▶ **Work instructions**
For each entry, repeat the text exactly and omit any picture it holds.

▶ **Data listing**

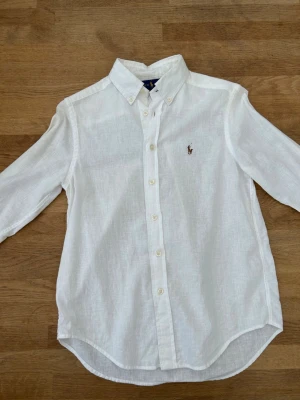 Vit linneskjorta från Ralph Lauren - Klassisk vit skjorta från Ralph Lauren i svalt linne. Skjortan har lång ärm, button-down krage och den ikoniska broderade loggan på bröstet. Perfekt till både jeans och chinos för en clean och stilren look. Märke finns på ena axel oklart om den går bort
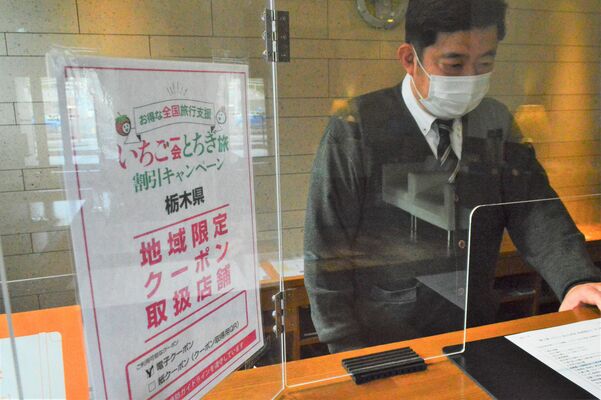 日光ステーションホテルクラシックの受付。全国旅行支援の案内が掲示されている＝13日午後、日光市相生町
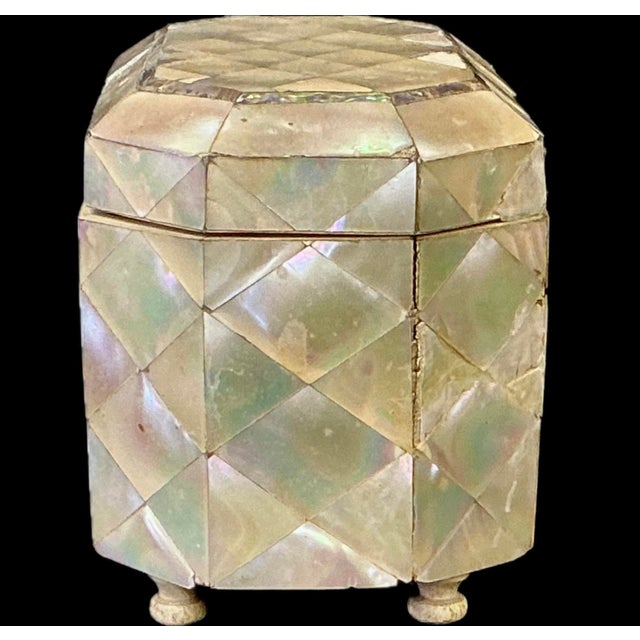 Beautifully crafted Mother-Of-Pearl English Tea Caddy. The caddy is clad throughout in hand-cut, iridescent mother-of-...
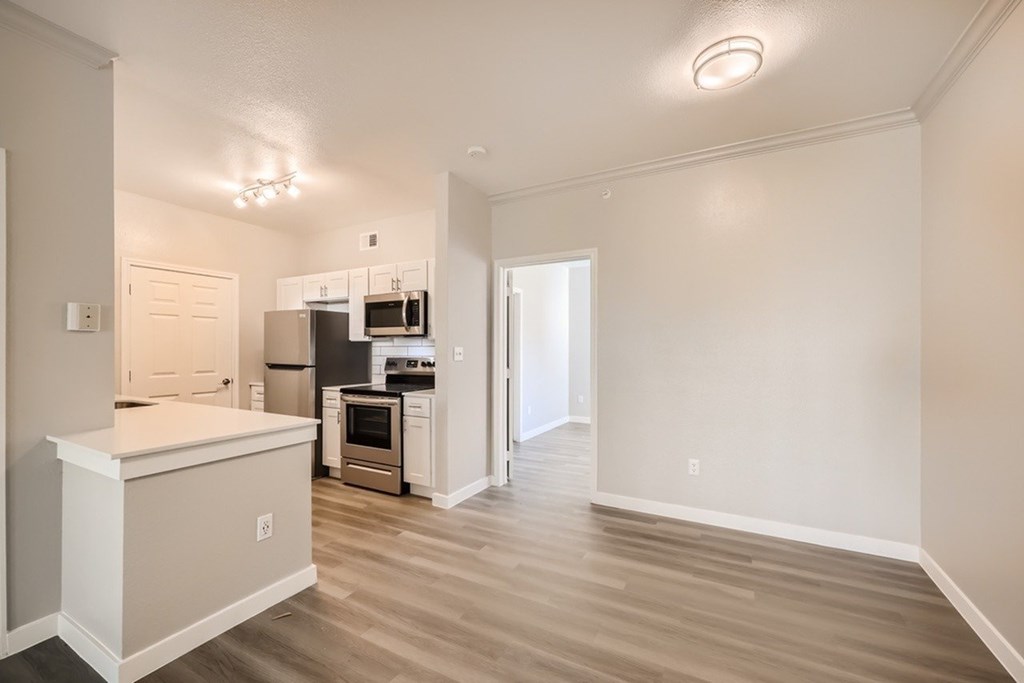 A kitchen with a white countertop and stainless steel appliances.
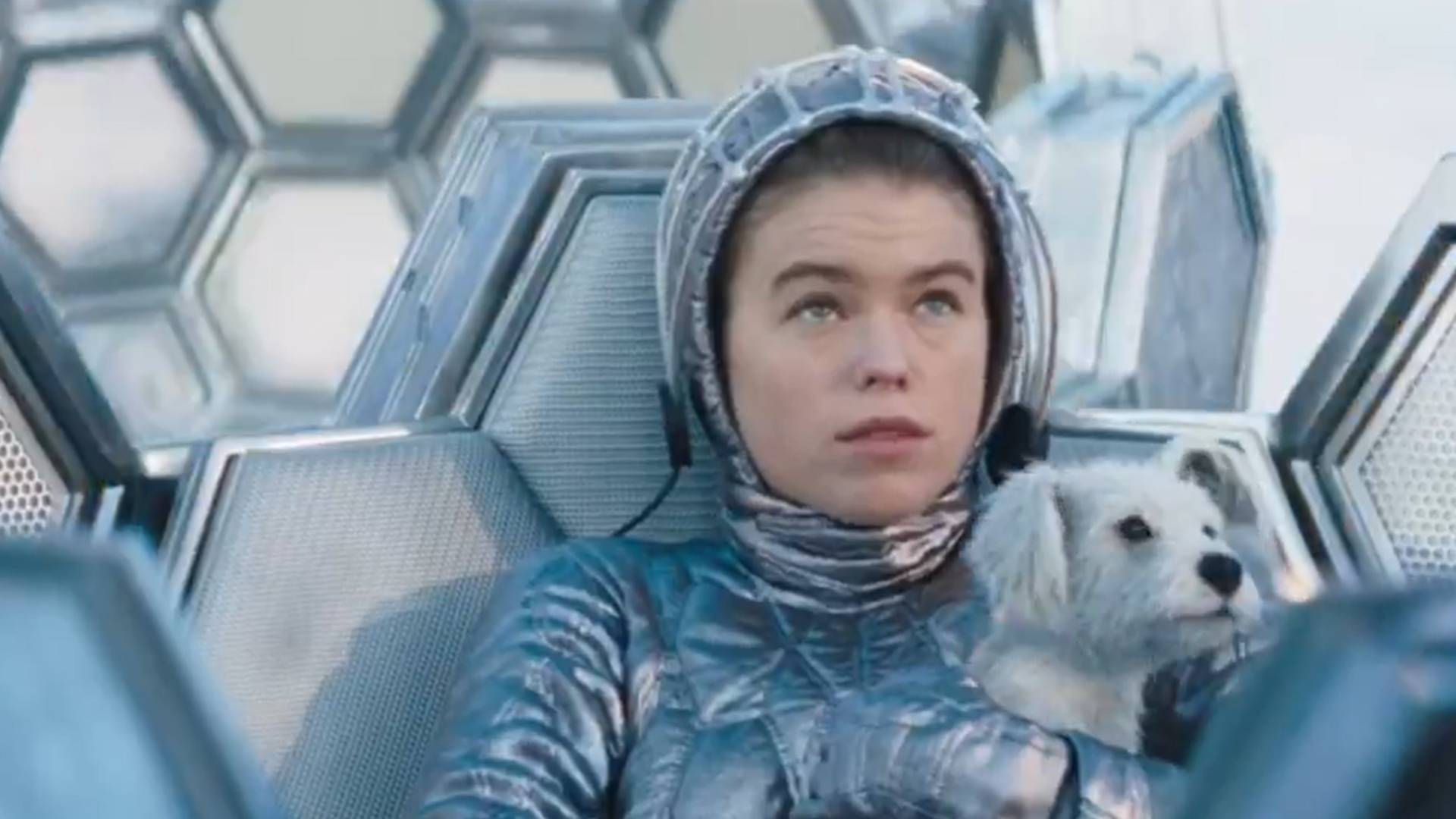 Kara Zor-El (Milly Alcock) sitting in an escape vessel, holding Krypto in her arms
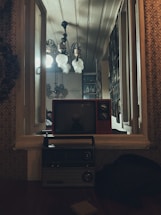A vintage setting with a red old-fashioned television on a window ledge, below which sits a classic radio. The window is open, showing a well-lit interior featuring ornate ceiling lights and a wall lined with picture frames. The ambiance is nostalgic and warm.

▶ **Task response**
 Vit linneskjorta från Ralph Lauren - Klassisk vit skjorta från Ralph Lauren i svalt linne. Skjortan har lång ärm, button-down krage och den ikoniska broderade loggan på bröstet. Perfekt till både jeans och chinos för en clean och stilren look. Märke finns på ena axel oklart om den går bort
 日光ステーションホテルクラシックの受付。全国旅行支援の案内が掲示されている＝13日午後、日光市相生町
 Beautifully crafted Mother-Of-Pearl English Tea Caddy. The caddy is clad throughout in hand-cut, iridescent mother-of-...
 A kitchen with a white countertop and stainless steel appliances.
 Kara Zor-El (Milly Alcock) sitting in an escape vessel, holding Krypto in her arms
A vintage setting with a red old-fashioned television on a window ledge, below which sits a classic radio. The window is open, showing a well-lit interior featuring ornate ceiling lights and a wall lined with picture frames. The ambiance is nostalgic and warm.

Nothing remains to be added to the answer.